Un nuovo sisma violento, che è stato avvertito distintamente anche in India e che, stando alle prime cifre fornite dal ministero dell'Interno nepalese, avrebbe fatto altri 40 morti e 1.180 feriti, che si aggiungono mestamente a quelli della sciagura dello scorso 25 aprile.


«So che la scossa di questa mattina (ieri, ndr) ha fatto nuovi gravi danni a Bhaktapur (20 km a sud est di Kathmandu) e ha raso al suolo il poco che rimaneva in piedi di Charikot (nel Nepal centrale, a tre ore dalla capitale, ndr). La cosa triste è che sembrava la classica giornata del ritorno alla normalità: in mattinata non avevo visto molti morti (anche a settimane dal drammatico terremoto di fine aprile continua il recupero di cadaveri: tanti quelli di vittime che ancora mancano all'appello, come quelli dei trentini Marco Pojer e Renzo Benedetti, ndr) e c'era ovunque tanta gente sorridente, per quanto possibile, impegnata a ricostruire quello che avevano e che è stato distrutto».
Ed invece sono tornate la paura ed il terrore.
«E purtroppo non ci lasceranno presto. Lo vedo anche ora che per oggi ho terminato di volare (abbiamo parlato con Piergiorgio Rosati alle 18, le 21.45 in Nepal, ndr): anche qui a Kathmandu dove dormirò stanotte e ci sono case che hanno resistito, tutti dormono per le strade, vestiti, pronti al peggio. Del resto, con una scossa di questa portata, ora non ci possiamo che attendere uno sciame sismico di assestamento, con altre scosse minori».

Non sarà una notte tranquilla.
«L'ennesima notte sul chi va là. Anch'io me ne starò con il letto vicino alla porta della stanza, con i pantaloni e le scarpe infilati. Pronti ad alzarsi e uscire all'esterno. Non è facile riuscire a dormire, nonostante ce ne sarebbe il bisogno, dato che qui le giornate cominciano presto.

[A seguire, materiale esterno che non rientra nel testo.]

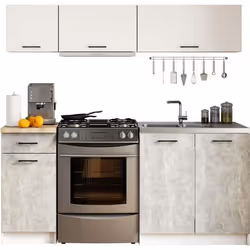Ensemble De Cuisine AKORD OLIWIA G1 Blanc 180 cm 6 portes 1 tiroir façade Béton 6 étagères 180x46x174 cm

Qual è la sua giornata tipo, in questi giorni?
«Sveglia alle 4.30, preparativi, carburante, poi in volo dalle 6 alle 19, con qualche pausa per mangiare e fare rifornimento. E alla sera i contatti con le autorità e le altre squadre di soccorso, per fare il punto per il giorno seguente. Fino a qualche giorno fa c'erano qui anche Alessandro Zortea e Franco Nicolini, ma ora che sono rientrati sono qui da solo. Ma sono costantemente in contatto con le altre squadre di lavoro: israeliani, tedeschi, spagnoli».

È stato impegnato nei soccorsi anche immediatamente dopo la nuova scossa?
«Sì, sono riuscito a trasportare a valle un gruppo di anziani e una famiglia con dei ragazzi di un villaggio vicino a Lukla, ai piedi dell'Everest, poi ho portato viveri ad altri villaggi. Il calore e la riconoscenza che ti sanno esprimere anche solo per qualche sacco di riso ti ripagano di ogni sforzo».

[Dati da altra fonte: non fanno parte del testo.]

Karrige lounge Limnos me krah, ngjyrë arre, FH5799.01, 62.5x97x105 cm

Ci sono novità nelle ricerche dei corpi di Marco Pojer e Renzo Benedetti?
«Purtroppo no, e il nuovo sisma non migliora le cose. Sia perché può aver complicato la situazione nella zona in cui si dovrebbero trovare, sia perché la priorità si è spostata sul soccorrere i nuovi feriti».

Proprio parlando di soccorsi: ci sono state numerose polemiche sulla gestione dell'emergenza da parte delle autorità locali. Che opinione ha potuto maturare sul campo?
«Le difficoltà sono state e sono tante, ma per le condizioni in cui si trova il paese credo che i nepalesi siano stati anche troppo bravi. Il fatto è che non ci si rende conto dell'enormità del disastro che si è verificato. Non so se anche paesi come il nostro, organizzati e con personale preparato, di fronte ad una cosa del genere avrebbe potuto fare di più. In più, le autorità nell'immediato hanno requisito ogni elicottero, ogni attrezzatura di società private, proprio per evitare che venisse salvato, o soccorso per primo, solo chi poteva pagare».

E nelle immagini che lei posta sui social vediamo spesso proprio gente poverissima.
«Ma molto determinata. Non c'è villaggio dove in questi giorni non abbia visto persone che cercavano di ripulire il terreno dalle macerie, recuperare mattoni e ricostruire le loro case. Fragili, come erano prima di crollare, ma almeno la forza per ricominiciare non manca.

E dopo il nuovo sisma in tanti dovranno ripartire nuovamente da zero, dopo pochi giorni.
«La cosa triste è proprio questa: le scosse hanno fatto ripiombare tutti nella paura quando si stavano riprendendo la loro vita. Oggi pomeriggio (ieri, ndr) sorvolando i villaggi distrutti non ho più visto quell'energia, ma tanti volti provati spuntare dai campi, ormai gli unici posti che si ritengono sicuri».

Fino a quando riuscirà a rimanere in Nepal per dare il suo contributo?
«Ancora per una decina di giorni, poi entro il 24 maggio sarò di ritorno in Italia e a Trento, per rientrare al lavoro al Nucleo elicotteri».